== PROBLEM STATEMENT ==
Beginning with the line below that contains "Beat Bass Bang Black T-Shirt - Graphic Tee" and ending with the line that contains "Manager At ERM Cover Letter", copy every line exactly. Copy nothing else.

======== THE RECORDS

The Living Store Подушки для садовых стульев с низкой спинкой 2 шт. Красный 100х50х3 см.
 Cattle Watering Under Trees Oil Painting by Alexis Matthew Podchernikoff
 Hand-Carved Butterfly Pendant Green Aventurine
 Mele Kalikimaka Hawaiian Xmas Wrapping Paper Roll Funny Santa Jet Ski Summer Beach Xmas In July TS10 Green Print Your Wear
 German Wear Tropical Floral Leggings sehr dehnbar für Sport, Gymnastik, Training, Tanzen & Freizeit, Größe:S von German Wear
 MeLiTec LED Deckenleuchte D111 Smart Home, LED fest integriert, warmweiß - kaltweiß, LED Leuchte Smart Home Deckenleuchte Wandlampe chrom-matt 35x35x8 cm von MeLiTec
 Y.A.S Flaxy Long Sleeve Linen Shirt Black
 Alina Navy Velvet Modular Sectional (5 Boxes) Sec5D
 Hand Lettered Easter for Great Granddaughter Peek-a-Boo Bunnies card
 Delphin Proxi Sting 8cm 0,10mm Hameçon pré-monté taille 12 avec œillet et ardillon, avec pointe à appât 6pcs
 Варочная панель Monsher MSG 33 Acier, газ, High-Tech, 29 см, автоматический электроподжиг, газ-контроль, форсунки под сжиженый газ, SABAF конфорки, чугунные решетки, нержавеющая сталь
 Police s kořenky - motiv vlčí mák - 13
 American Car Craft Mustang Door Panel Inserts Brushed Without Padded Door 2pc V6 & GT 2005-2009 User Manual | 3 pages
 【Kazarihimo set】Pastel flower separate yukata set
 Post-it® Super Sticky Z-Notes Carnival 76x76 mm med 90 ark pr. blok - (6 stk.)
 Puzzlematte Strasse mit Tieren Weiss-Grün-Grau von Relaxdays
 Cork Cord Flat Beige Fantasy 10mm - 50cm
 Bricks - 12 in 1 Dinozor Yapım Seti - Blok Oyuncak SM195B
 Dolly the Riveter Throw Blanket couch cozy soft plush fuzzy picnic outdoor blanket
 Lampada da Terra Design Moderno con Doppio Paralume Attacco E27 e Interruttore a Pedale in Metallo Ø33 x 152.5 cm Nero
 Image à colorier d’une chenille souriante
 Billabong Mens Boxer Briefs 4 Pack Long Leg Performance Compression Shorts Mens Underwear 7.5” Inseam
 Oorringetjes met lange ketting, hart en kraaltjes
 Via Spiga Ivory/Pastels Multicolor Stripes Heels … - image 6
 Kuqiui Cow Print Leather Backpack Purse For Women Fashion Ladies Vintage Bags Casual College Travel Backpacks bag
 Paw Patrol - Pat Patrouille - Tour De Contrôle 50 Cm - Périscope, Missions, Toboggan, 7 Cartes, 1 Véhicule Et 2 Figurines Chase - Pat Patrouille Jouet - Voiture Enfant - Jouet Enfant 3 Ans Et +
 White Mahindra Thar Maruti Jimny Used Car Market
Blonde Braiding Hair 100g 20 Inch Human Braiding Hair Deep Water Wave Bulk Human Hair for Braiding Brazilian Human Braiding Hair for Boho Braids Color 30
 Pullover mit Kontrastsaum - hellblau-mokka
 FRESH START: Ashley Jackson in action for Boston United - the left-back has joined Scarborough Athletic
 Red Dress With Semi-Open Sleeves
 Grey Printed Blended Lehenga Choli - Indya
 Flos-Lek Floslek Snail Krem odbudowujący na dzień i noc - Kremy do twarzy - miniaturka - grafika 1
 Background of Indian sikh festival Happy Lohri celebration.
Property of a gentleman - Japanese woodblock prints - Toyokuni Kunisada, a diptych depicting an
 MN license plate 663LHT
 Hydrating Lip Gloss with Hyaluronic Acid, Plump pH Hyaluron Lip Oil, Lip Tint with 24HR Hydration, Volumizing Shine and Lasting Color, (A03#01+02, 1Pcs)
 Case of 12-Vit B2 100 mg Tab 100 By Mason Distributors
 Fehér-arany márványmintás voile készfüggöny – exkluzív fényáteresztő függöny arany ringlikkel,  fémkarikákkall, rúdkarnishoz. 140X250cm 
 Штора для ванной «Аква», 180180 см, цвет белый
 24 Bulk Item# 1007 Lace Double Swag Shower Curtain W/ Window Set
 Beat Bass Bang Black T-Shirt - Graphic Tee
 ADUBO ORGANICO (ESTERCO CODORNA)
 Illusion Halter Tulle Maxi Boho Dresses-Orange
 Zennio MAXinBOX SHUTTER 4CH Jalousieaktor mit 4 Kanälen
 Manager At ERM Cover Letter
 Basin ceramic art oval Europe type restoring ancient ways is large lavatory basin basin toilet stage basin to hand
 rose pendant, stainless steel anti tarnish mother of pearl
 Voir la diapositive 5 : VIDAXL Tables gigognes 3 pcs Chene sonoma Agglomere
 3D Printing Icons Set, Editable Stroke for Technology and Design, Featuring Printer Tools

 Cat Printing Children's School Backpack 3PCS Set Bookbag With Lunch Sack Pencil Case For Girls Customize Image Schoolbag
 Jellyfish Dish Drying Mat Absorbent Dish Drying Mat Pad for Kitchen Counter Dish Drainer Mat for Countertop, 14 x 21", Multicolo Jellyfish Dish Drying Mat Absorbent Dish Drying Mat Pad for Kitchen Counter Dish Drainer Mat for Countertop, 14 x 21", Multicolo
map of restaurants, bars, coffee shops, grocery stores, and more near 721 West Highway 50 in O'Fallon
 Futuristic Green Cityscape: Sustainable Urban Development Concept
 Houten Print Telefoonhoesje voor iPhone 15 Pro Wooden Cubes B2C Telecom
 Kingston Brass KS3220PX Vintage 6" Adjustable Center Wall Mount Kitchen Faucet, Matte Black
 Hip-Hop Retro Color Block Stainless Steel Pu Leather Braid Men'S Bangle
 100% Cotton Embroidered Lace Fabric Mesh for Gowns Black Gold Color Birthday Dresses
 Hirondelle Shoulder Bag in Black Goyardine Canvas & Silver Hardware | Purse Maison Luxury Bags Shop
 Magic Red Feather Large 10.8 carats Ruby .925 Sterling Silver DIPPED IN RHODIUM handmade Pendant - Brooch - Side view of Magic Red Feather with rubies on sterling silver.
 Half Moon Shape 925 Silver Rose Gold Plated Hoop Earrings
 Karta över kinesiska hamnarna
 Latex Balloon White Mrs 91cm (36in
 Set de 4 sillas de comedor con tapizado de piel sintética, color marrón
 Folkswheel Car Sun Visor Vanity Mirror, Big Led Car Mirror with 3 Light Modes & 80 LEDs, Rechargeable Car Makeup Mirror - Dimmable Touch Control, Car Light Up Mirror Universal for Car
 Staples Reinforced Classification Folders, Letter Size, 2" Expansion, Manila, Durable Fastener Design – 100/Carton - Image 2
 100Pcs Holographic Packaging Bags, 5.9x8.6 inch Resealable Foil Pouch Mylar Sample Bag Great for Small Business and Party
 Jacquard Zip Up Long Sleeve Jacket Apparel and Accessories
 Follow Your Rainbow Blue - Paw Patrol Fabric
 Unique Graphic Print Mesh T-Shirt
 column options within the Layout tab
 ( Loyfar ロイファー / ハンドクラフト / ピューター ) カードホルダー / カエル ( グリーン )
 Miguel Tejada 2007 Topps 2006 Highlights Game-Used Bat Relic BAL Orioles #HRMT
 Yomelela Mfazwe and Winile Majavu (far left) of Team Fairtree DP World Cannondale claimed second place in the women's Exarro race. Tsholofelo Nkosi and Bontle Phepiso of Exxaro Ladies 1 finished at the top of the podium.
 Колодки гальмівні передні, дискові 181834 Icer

================

== ANSWER SECTION ==
 Beat Bass Bang Black T-Shirt - Graphic Tee
 ADUBO ORGANICO (ESTERCO CODORNA)
 Illusion Halter Tulle Maxi Boho Dresses-Orange
 Zennio MAXinBOX SHUTTER 4CH Jalousieaktor mit 4 Kanälen
 Manager At ERM Cover Letter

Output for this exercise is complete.